The results we report here provide some support for the model suggested by Henrichsen-Schrembs. Cluster A clearly resembles the group she describes as Yogis, who have adopted yoga both as a lifestyle and a spiritual practice. Cluster B resembles those she describes as Exercisers. Swami Niranjanananda also identified two similar types. One he calls sadhaks (spiritual seekers) resembling Cluster A. He also describes a group mostly concerned with the physical benefits of yoga, similar to Cluster B (Swami Niranjanananda 2012).

None of these writers acknowledge practitioners similar to Cluster C. Since this group was large, it would be good to know more about them. We would certainly want to know if these individuals change over time and become members of other clusters or if they simply pass out of yoga practice.

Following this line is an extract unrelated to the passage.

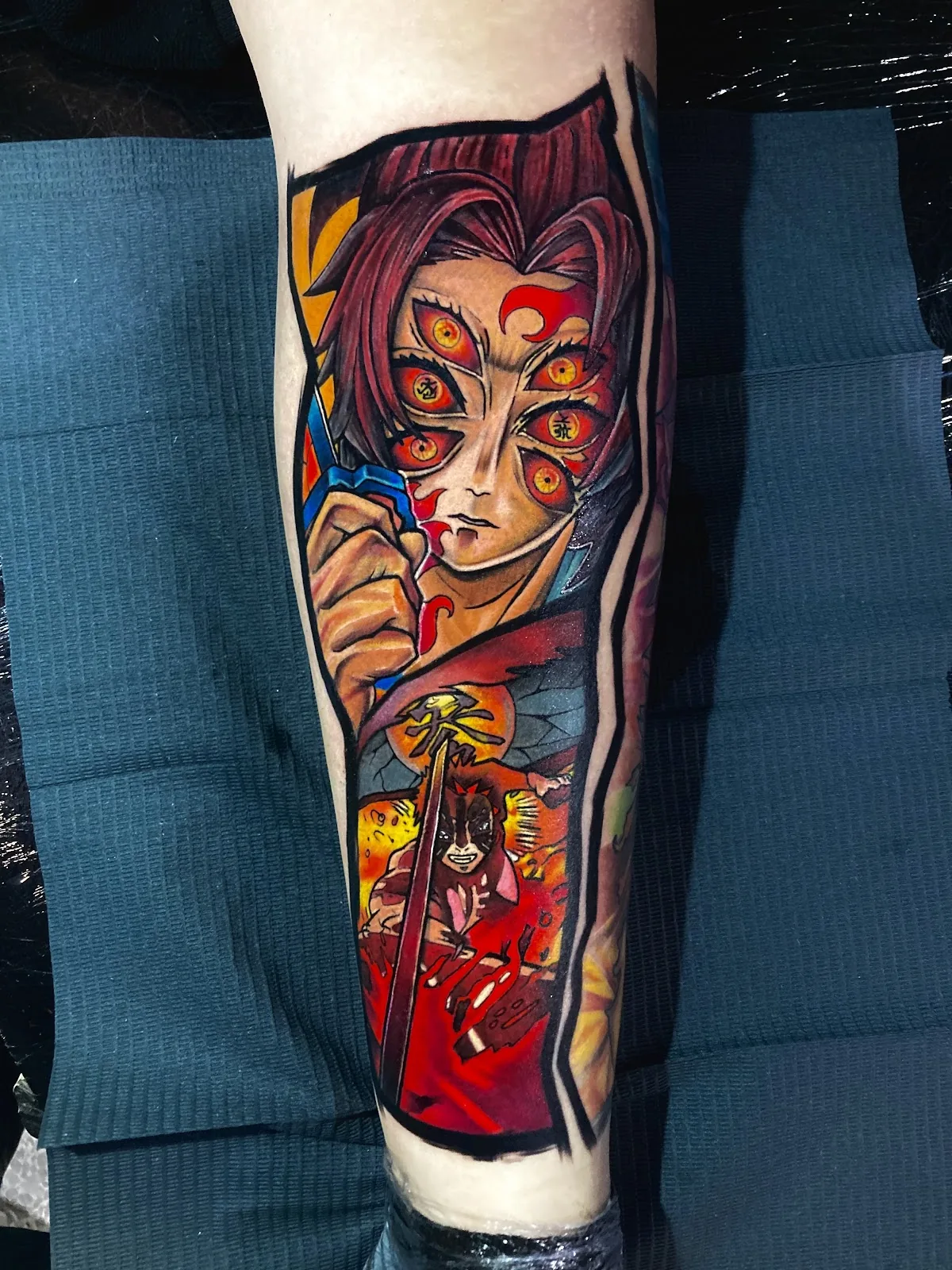 Tattoo by Tattoo Studio by Luis CSandova at Tattoo Studio by Luis CSandova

In his classic text, Light on Yoga, Iyengar describes the traditional eight limbs of yoga not as alternative practices, but as a set of stages (Iyengar 1966). Our results suggest that yoga should be viewed developmentally. We have found evidence of a relationship between years of practice and the spiritual and physical attributes of practitioners. A particularly interesting finding is that while body area satisfaction increases with yoga practice, appearance orientation declines. This suggests that practitioners become less attached to judgements about their appearance and more accepting of themselves.

The developmental model is supported by other research. For example, Ivtzan & Jegatheeswaran found that 'spiritual intentions increase over time, from when practitioners initially take up practice.' Other studies show that over the course of a yoga practice, orientation shifts from physical concerns to spirituality (Buessing et al 2012; Park & al 2016). Our findings suggest that a developmental trajectory may well exist, and further research is needed to confirm and better understand this path.